Os contos de Joanyr procuram a transcendência daquele ambiente telúrico, povoado de mitos, sentidos e mistérios. E se lança a um exercício de escafandrismo e poesia, não só para penetrar as entranhas de um passado lúdico que insiste em manifestar na memória, esse território nômade e indulgente, mas para entender os seus símbolos e sua repercussão no adulto. Consegue, com elegância vocabular, construir uma literatura sutil, com lirismo e densidade sobriamente trabalhados, emprestando aos episódios, situados entre a invenção e a memória, um sopro humanista. Percebe-se, ainda, um viés reflexivo sobre os rumos da vida moderna, época de valores e sentimentos bastante fragilizados ou ausentes, como fraternidade e amor, esperança e sonho, fartos naqueles tempos e mundos, em que havia lugar para os gestos simples e as expansões do espírito.
São muitas as vozes que convivem nesse painel reconstruído pelo autor, mas sempre há o menino que viu e agora conta. Embora circunscreva esses contos no imaginário pessoal e coletivo, o autor suplanta as fronteiras psicológicas, etárias e geográficas, projetando-se um olhar novo, distanciado da melancolia e de outros apelos nostálgicos, conferindo um caráter de universalismo às histórias. Ao final do livro, fugindo ao ambiente das percepções do menino, que impingem um caráter autobiográfico, são acrescentados alguns contos em que Brasília é cenário e fonte de inspiração, a partir de episódios reais ou não, marcando a profunda relação do autor com a Capital, extraindo matéria de uma cidade que já tem um vasto imaginário.
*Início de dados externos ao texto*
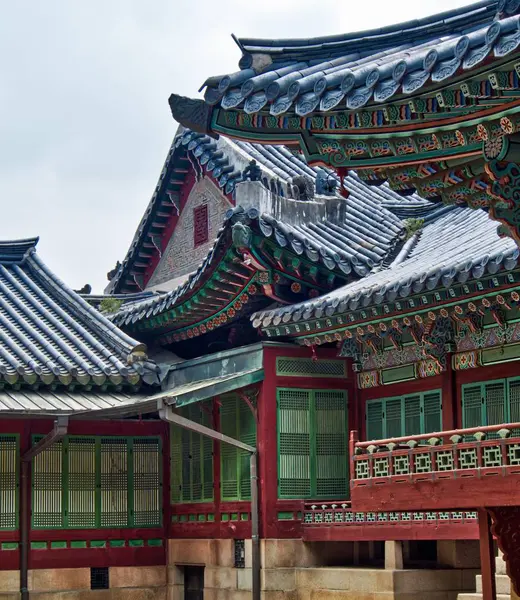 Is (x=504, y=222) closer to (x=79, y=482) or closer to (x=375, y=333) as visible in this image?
(x=375, y=333)

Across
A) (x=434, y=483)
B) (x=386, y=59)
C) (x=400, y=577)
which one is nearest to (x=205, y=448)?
(x=400, y=577)

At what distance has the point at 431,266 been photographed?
62.0 feet

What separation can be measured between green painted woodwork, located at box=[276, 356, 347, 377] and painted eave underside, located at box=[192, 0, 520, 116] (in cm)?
888

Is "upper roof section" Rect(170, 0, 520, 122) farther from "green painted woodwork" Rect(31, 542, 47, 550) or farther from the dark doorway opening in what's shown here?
the dark doorway opening

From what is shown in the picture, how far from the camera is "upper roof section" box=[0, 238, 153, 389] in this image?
2192 centimetres

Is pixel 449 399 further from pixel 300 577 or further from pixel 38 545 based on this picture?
pixel 38 545

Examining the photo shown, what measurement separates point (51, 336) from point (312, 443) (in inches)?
213

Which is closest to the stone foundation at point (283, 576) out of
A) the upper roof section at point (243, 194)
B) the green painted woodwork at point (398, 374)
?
the green painted woodwork at point (398, 374)

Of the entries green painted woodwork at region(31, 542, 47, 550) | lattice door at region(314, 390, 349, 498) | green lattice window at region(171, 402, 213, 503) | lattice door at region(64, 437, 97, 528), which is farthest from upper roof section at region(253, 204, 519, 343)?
green painted woodwork at region(31, 542, 47, 550)

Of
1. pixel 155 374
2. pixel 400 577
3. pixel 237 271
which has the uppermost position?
pixel 237 271

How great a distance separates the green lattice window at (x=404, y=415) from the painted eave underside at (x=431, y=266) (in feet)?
5.92

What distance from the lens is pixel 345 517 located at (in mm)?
19703

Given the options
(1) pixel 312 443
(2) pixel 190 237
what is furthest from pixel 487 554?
(2) pixel 190 237

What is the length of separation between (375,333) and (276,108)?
9.40 meters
A linguagem de Joanyr reprisa o rigor estético de seus poemas, nítida sua preocupação com a economia de meios, a contenção, o burilamento, algo muito próximo do artesanato, evitando as gorduras de estilo, os modismos, o experimentalismo requentado ou as vanguardices. Arquitetura dos dias é um livro em que a vida está presente em toda sua natureza, com suas metáforas, sua ternura e seu realismo.